TASK PROMPT —
Leave the pictures out and reproduce all the entries word for word.

EXERCISE INPUTS —
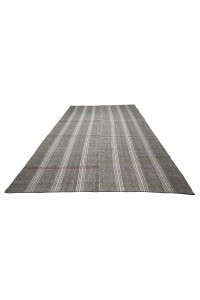 White And Red Stripe Turkish Gray Rug 7x10 Feet  227,315 - Grey Turkish Rug  $i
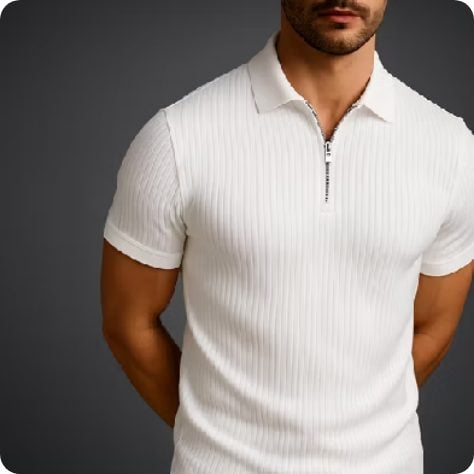 Camisa Polo Italiana Canelado Com Ziper Premium Camiseta — foto 2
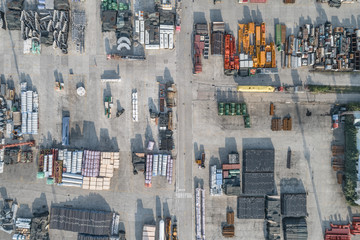 aerial view of raw industrial material in cargo port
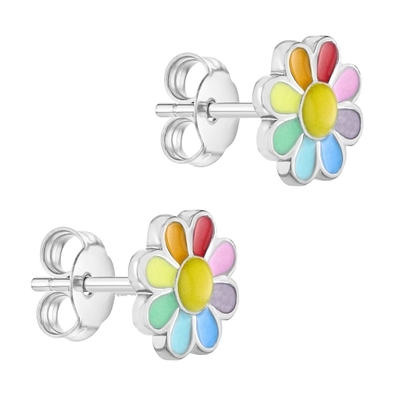 925 Sterling Silver Enamel màu sắc Princess Dainty Flower Stud Bàn tai cho quà tặng cho cô gái
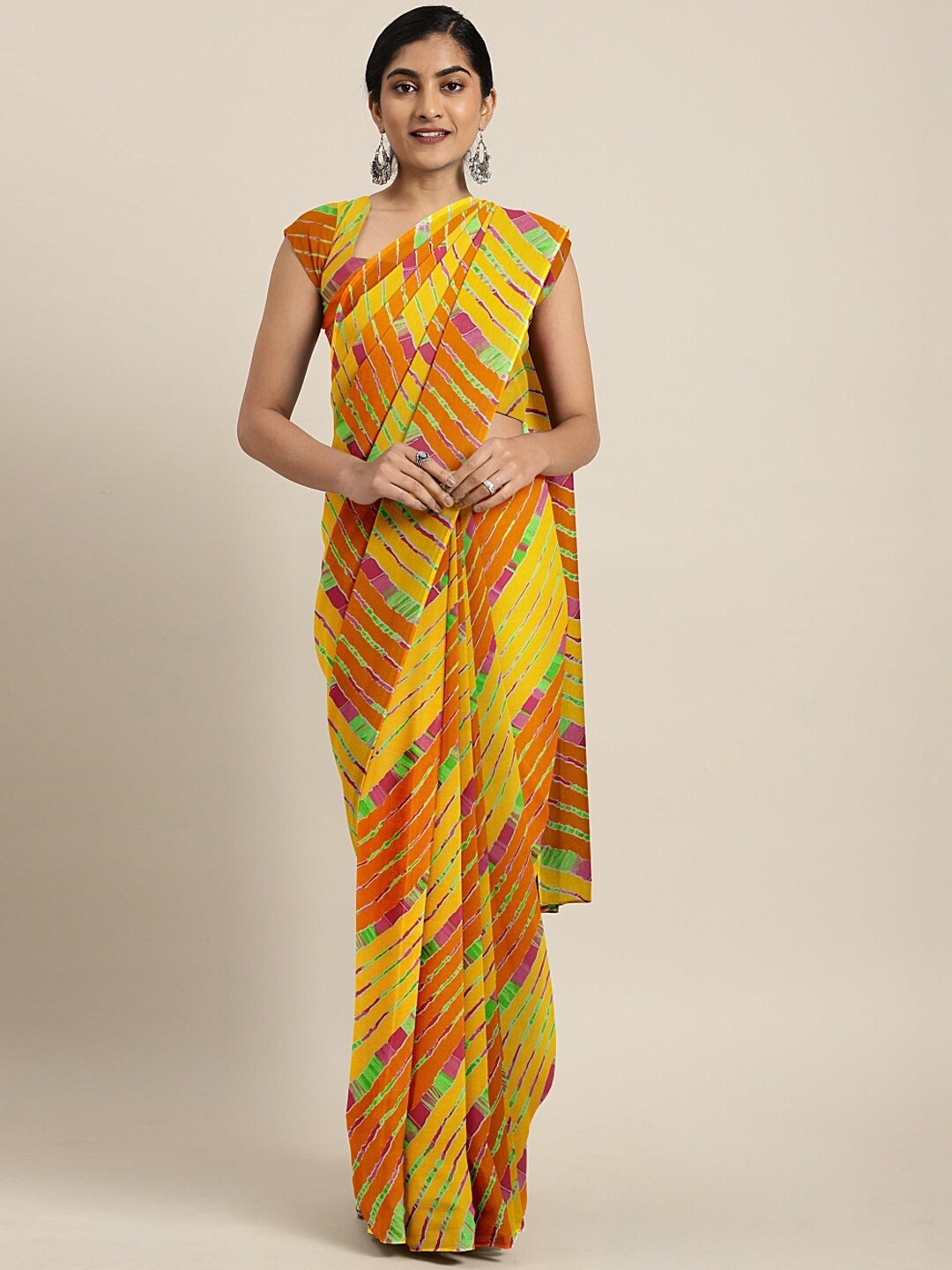 

SHAVYA Yellow & Orange Bandhani Pure Georgette Leheriya Saree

RESULT —
 White And Red Stripe Turkish Gray Rug 7x10 Feet  227,315 - Grey Turkish Rug  $i
 Camisa Polo Italiana Canelado Com Ziper Premium Camiseta — foto 2
 aerial view of raw industrial material in cargo port
 925 Sterling Silver Enamel màu sắc Princess Dainty Flower Stud Bàn tai cho quà tặng cho cô gái

SHAVYA Yellow & Orange Bandhani Pure Georgette Leheriya Saree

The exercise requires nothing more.